• TASK STATEMENT
Nothing below is to be printed except the lines between the line holding "合作医疗_合作医疗怎么查询缴费记录" and the line holding "Bella, an adopted", inclusive, each exactly as it appears.

• DATA EXCERPTS
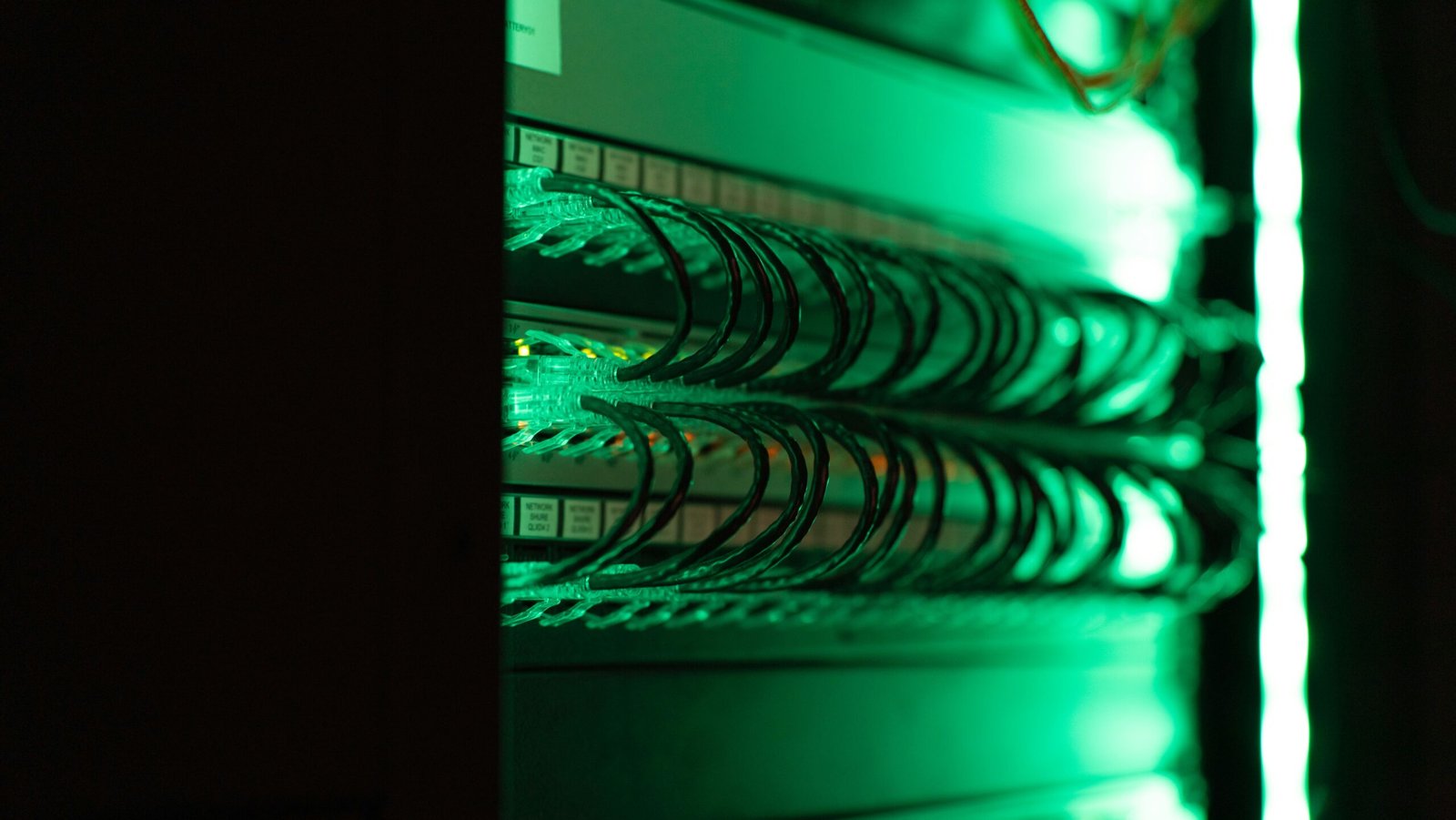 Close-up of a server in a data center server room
==
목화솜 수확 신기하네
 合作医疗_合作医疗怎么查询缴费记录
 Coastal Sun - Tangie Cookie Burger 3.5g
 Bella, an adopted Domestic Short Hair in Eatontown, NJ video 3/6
--
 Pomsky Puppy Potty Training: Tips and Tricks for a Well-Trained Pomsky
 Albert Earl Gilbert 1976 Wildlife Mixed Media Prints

• TASK RESULT
 合作医疗_合作医疗怎么查询缴费记录
 Coastal Sun - Tangie Cookie Burger 3.5g
 Bella, an adopted Domestic Short Hair in Eatontown, NJ video 3/6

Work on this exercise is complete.